For a mixture of soft particles, Schiff estimates the total cross-sections (absorption, scattering and extinction cross-sections) in addition of the phase function, its cumulative and its inverse cumulative.

The set of particles to simulate is defined by its refractive index - provided at various wavelengths - and a geometry distribution that controls how the particles look like into the mixture. More precisely, this distribution describes the main shapes of the particles (sphere, cylinder, helical pipe, etc.) and their statistical variation according to the distribution of their parameters (gaussian, lognormal, etc.).

Examples of particle shapes handled by Schiff.

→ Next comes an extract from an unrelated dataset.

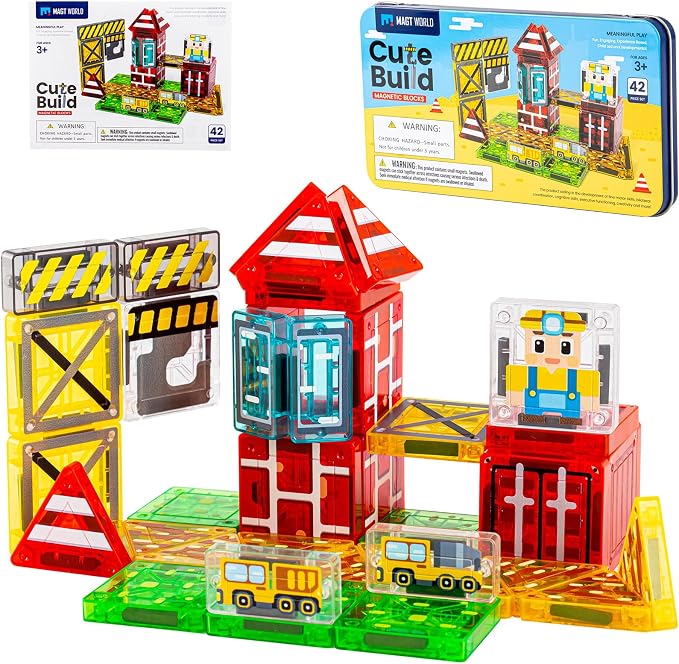 42PCS Mini Magnetic Tiles Toddler Travel Toys for Boys 3-5 Year Old Gifts | Construction Theme, Portable Metal Case, Kids Travel Essentials for Airplane, Car & Road Trip, STEM Preschool Learning Toys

Dauchet et al. 2023, "Wave-scattering processes: path-integrals designed for the numerical handling of complex geometries", Optics Letters (open access)
Charon et al. 2016, "Monte Carlo implementation of Schiff׳s approximation for estimating radiative properties of homogeneous, simple-shaped and optically soft particles: Application to photosynthetic micro-organisms", Journal of Quantitative Spectroscopy and Radiative Transfer (open access)
Weitz et al. 2016, "Monte Carlo efficiency improvement by multiple sampling of conditioned integration variables", Journal of Computational Physics (open access)

A straight interface

The Schiff program is a command-line tool that processes input data, performs computations, write results and that's all. It makes no assumptions on how the input data are created excepted that it has to follow the expected file formats. The simulation results are also provided as is, in a raw ASCII format.

This thin interface is particularly well suited to be extended and integrated into any toolchain. According to the user needs, the optical properties of the particles can be entered manually or generated by an external program. In the same way, the output data can either be directly interpreted or post-processed by any script with respect to the targeted toolchain.

Release notes

Version 0.5

Replace CMake by Makefile as build system.
Update compiler and linker flags to increase the security and robustness of generated binaries.
Convert the manual from man to mdoc.
Thoroughly review the man pages to make them clearer.
Improve the portability of test scripts by converting them from GNU/Bash to the POSIX shell.

Version 0.4.2

Sets the required version of Star-SampPling to 0.12. This version fixes compilation errors with gcc 11 but introduces API breaks.

Version 0.4.1

Displays the time spent constructing the geometric distribution, writing the sampled geometries, and performing the calculations.

Version 0.4

Set the minimum number of scattering angles to 2 rather than the previous and arbitrary limit fixed to 100.
Fix a bug in the generation of the shape of the helical pipe.
Update the short help of the command as well as the man pages.
Add the -D option that discards all computations for large scattering angles.
Add the --version that prints the current version of the schiff command.

Version 0.3.1

Reformat the man pages.

History

schiff was funded from 2015 to 2016 by the ALGUE project, which was supported by the IDEX program. |Méso|Star> was sub-contractor of the project.

License

Copyright (C) 2015, 2016, 2026 Centre National de la Recherche Scientifique
Copyright (C) 2026 Clermont Auvergne INP
Copyright (C) 2026 Institut Mines Télécom Albi-Carmaux
Copyright (C) 2017, 2019-2021, 2026 |Méso|Star> (contact@meso-star.com)
Copyright (C) 2026 Université de Lorraine
Copyright (C) 2026 Université de Toulouse

Schiff is free software released under the GPL v3+ license: GNU GPL version 3 or later. You are welcome to redistribute it under certain conditions; refer to the COPYING file for details.